*** Opening DATASET EXTRACT ***

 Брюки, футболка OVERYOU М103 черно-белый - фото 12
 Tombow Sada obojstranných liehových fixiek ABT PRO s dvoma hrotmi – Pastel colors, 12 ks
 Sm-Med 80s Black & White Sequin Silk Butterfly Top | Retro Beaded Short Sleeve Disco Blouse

*** Closing DATASET EXTRACT ***
*** Opening DATASET EXTRACT ***

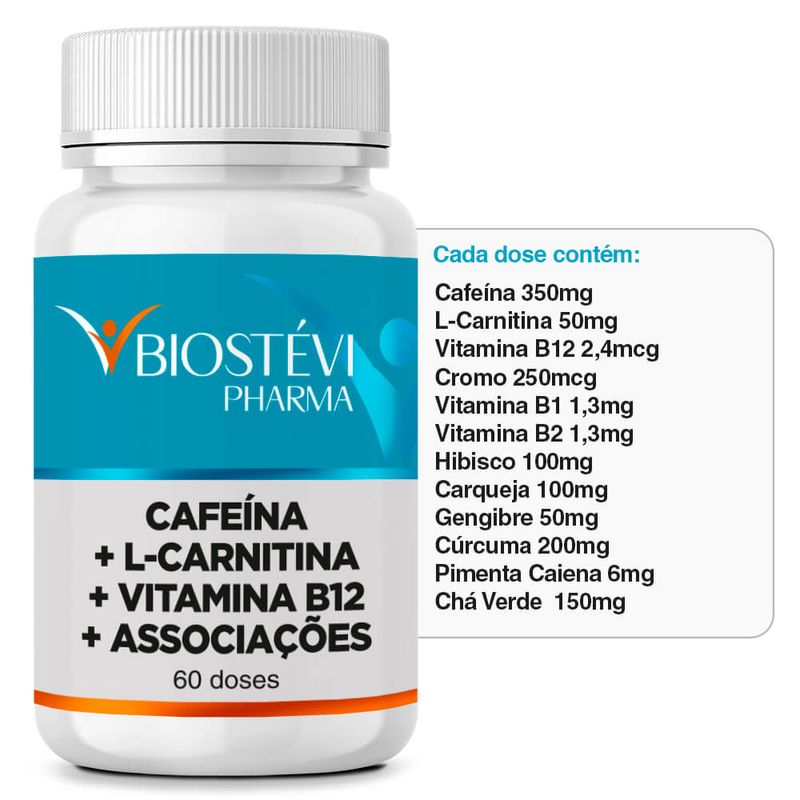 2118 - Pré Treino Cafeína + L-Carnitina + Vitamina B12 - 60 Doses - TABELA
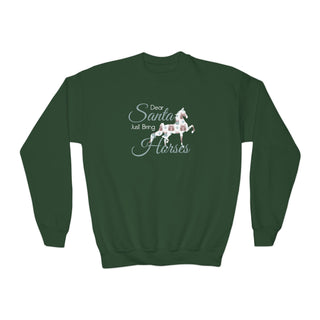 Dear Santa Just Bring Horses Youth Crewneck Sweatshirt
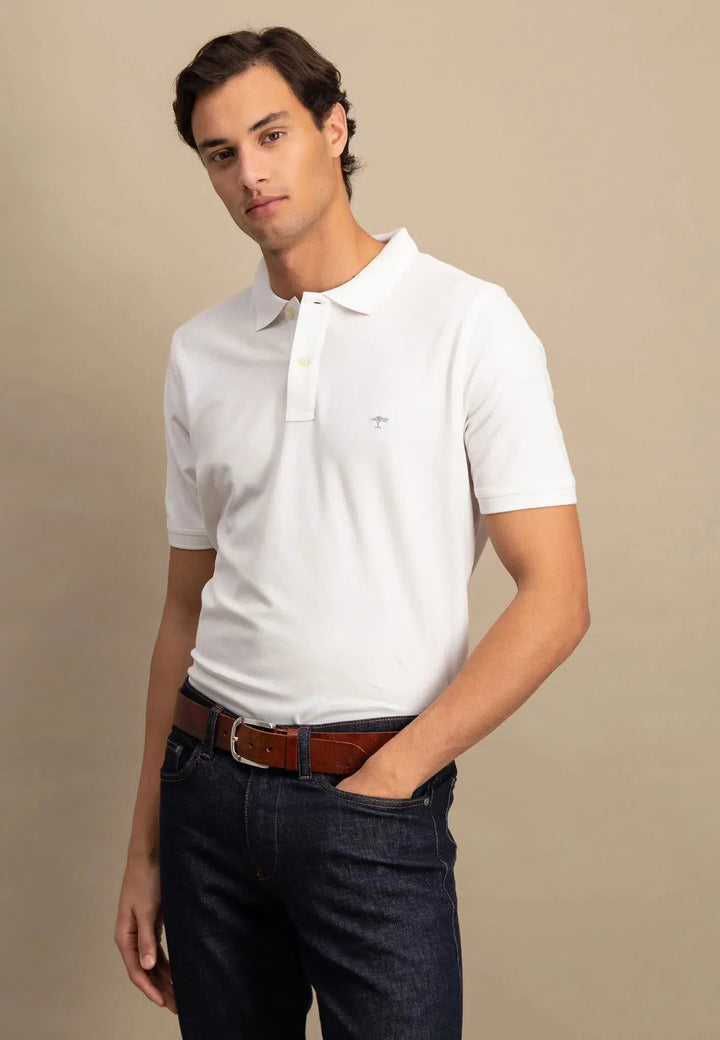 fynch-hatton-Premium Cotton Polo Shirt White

*** Closing DATASET EXTRACT ***

* [INSTRUCTIONS TO FOLLOW]: Look above for the line holding "Брюки, футболка OVERYOU", then set down exactly that line and every line after it up to and including the line holding "Sm-Med 80s Black", with nothing else.

* [EXERCISE OUTPUT]:
 Брюки, футболка OVERYOU М103 черно-белый - фото 12
 Tombow Sada obojstranných liehových fixiek ABT PRO s dvoma hrotmi – Pastel colors, 12 ks
 Sm-Med 80s Black & White Sequin Silk Butterfly Top | Retro Beaded Short Sleeve Disco Blouse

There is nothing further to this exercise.